How to Freeze Corn on the cob

Who doesn't love fresh corn on the cob? We sure do, and every summer we can't wait for it to go on sale so we can put some away for later in the year, when it isn't available. Right now, Yokes has Yakima Valley sweet corn on sale 4 for $1.00 so I bought 20 ears, a few to eat now, and some for later. I would have purchased more, but I was chatting with one of the produce guys and he said that the Spokane Valley corn will be coming in real soon and that it will probably be a little cheaper so I decided to wait for it before buying more.

Freezing corn is so easy, just like freezing Green Beans. I start by schucking the corn. Then I wash it in the sink under cool water with a clean wash cloth to get the little silks off.

I have read that some people freeze corn whole in the husk, but Im not so sure about that. I like to make sure the corn is as fresh as possible and you have to look at it to do that. Once they are clean, trim off the tips and any spots that are bruised or look iffy. I cut the cobs in half as well.

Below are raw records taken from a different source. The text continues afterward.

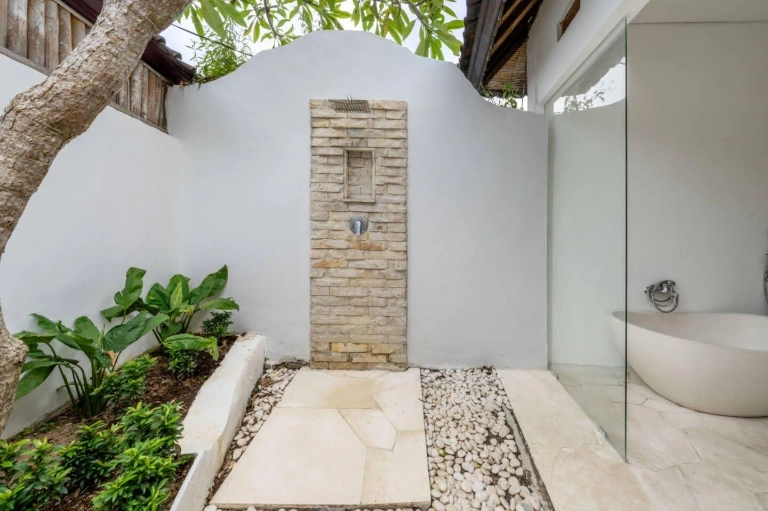 Kundalini House- 2BR Family Home with Shared Pool and Garden & Rice Field View — image 1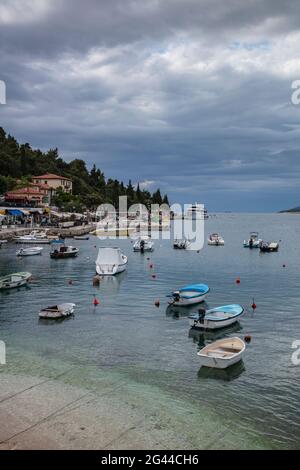 Piccole barche da pesca e da diporto ormeggiate vicino alla costa, Rabac, Istria, Croazia, Europa Foto Stock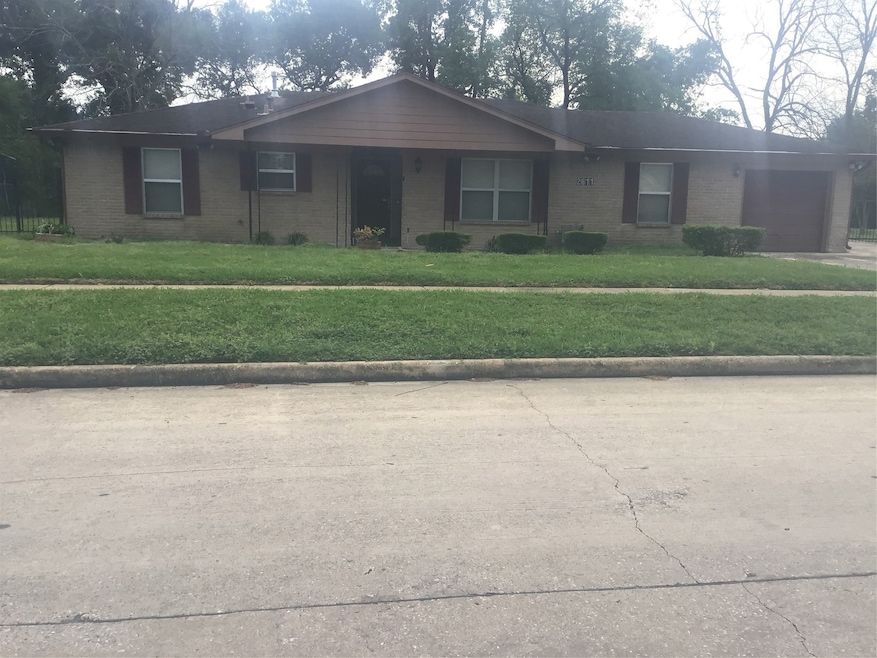 2611 Garapan St, Houston, TX 77091 - photo 1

At this point, they are ready to be blanched. Again, from what I have read this is "optional". I still do it, blanching deactivates enzimes that would otherwise break down the nutritional value and flavor, it sets the sugars and the color. Get out your biggest pot and fill it with water, once it gets to a rolling boil, add a bit of salt. I have used Kosher Salt in the past, but this year I used the purified salt that I had purchased for canning the beets. I was really impressed with it when I was freezing green beans, it seems to really brighten up the veggies and it doesn't leave such a big salty crust in the pan.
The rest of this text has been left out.